The DMOF will provide an environment of continuous improvement that can help employees repair older components faster and more efficiently.

The Navigation Systems Branch showcases Tobyhanna's capability to design, build and use modern automated test equipment (ATE) such as the PXI (PCI extensions for Instrumentation) system and the Agilent 3070 board test system. Branch employees will overhaul AN/ASN-128 doppler global positioning system (GPS) navigation systems, AN/ARN 149, 147, 123 and 89 receivers, and miniaturized airborne GPS receivers (MAGR) in the facility.

Another main have of the DMOF is its flexibility. As workload requirements change, the room can be converted to support any mission. DMOF has modular moveable walls and doors. Glass partitions will provide privacy without confinement, and acoustic materials will ensure the area is quiet.

An overhead utility grid system will provide power, networking, compressed air, and even fume extraction. Unlike a raised floor system, which requires the relocation of furniture and equipment whenever utility changes are needed, the overhead utility grid enables reconfiguration of the area with little disruption to other processes.

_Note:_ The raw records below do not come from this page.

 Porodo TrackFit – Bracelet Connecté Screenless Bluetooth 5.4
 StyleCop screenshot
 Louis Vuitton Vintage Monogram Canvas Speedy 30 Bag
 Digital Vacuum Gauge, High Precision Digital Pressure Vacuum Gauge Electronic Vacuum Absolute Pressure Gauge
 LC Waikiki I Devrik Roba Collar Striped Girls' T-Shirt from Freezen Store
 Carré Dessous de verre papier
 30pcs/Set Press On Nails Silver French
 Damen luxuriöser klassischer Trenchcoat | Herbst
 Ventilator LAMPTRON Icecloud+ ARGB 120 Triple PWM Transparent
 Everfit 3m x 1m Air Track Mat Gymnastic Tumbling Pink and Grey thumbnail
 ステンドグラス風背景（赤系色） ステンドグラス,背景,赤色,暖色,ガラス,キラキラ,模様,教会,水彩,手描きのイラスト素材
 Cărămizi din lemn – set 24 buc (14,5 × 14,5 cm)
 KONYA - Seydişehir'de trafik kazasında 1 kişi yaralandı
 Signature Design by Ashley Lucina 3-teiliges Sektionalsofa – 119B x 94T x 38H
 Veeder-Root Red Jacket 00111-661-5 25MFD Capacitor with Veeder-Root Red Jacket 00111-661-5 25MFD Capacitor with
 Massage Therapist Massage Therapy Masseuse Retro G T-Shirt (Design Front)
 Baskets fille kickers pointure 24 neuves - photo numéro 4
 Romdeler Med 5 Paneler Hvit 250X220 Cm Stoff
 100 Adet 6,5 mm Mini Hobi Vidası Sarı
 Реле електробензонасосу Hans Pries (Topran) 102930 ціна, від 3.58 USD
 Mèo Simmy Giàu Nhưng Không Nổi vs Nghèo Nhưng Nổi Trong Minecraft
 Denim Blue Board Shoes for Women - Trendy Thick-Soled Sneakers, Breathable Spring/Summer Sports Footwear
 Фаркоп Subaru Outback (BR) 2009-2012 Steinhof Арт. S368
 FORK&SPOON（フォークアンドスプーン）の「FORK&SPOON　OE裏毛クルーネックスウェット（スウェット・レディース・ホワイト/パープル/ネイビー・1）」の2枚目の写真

Solar panels were placed on the roof to provide energy for such things as ambient and task lighting. Solar tubes will provide natural light to the room. The roof is made of a reflective material and designed to provide water reclamation. All technical data will be available electronically at each workstation.

The DMOF facility will also have state-of-the-art audio-visual presentations. Holographic staging and touch light displays complete the advanced presentation format.